The simulator work carried the week. I mapped the 80-to-100-yard gap that had felt like guesswork — my gap wedge covers most of it through swing-length variations, and the real hole is narrower than I thought. I calibrated a new lob wedge and confirmed the carries match my old numbers.

But the best thing was a feel. Working two drills for a fault — weight hanging back, the body stalling, the hands flipping to rescue the club — I landed on one swing thought that ties them together: cover with the back shin, lead with the hips. My distance-wedge swing has felt uncomfortable for weeks. This is the first time it has felt like it has a home. The honest caveat: a feel improving is a leading indicator, not proof. A later session with a proper sample did not confirm the launch fix I hoped for.

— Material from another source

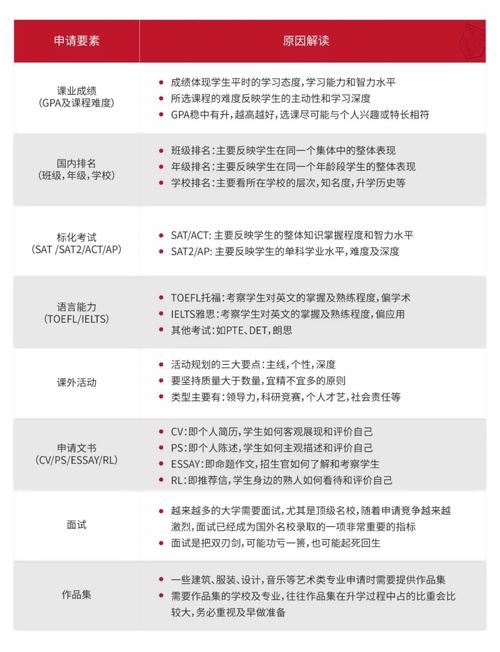 升学规划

Feels better and root cause fixed are not the same thing.

What Didn’t: The Habits Slipped

My daily habits fell apart this week. The putting mat — the habit that two weeks ago turned putting from my worst category into my best — got done twice in seven days. Mental reps, twice. The pattern is instructive: meditation held all week because it is anchored to something I already do, five minutes after my shower. The habits that slipped were floating loose in the day. When the week compressed, sometime today became not today.

The Trend: Where the Strokes Are

Approach is flagged the focus — the biggest opportunity — but the arrow is pointing up. The 100-150 yard work I have ground on for two months is showing as improving, even as the category still carries a deficit. Short game is now my best category. And putting is slipping. Two weeks ago putting was my best; now it is tied for the biggest leak. I cannot prove the putting slip and the putting-mat habit slipping in the same week are cause and effect — a rough tournament round is still weighting the sample — but the two facts next to each other is the whole lesson.

The Fix Isn’t the Plan. It’s the Anchors.

The plan is right. What broke was not the strategy — it was the daily habits, because they are not anchored the way meditation is. The next move is not to try harder. It is to remap the habits: anchor each to an existing daily event, shrink the busy-day version so it still counts. The putting mat lives on my desk, so it now goes right at five o’clock when I log off — close the laptop, turn to the mat. Not more discipline, better design.

Measure the week. This one: the wedges and the swing feel moved forward, and the habits showed me they are not built yet — they are borrowed. Time to build them properly.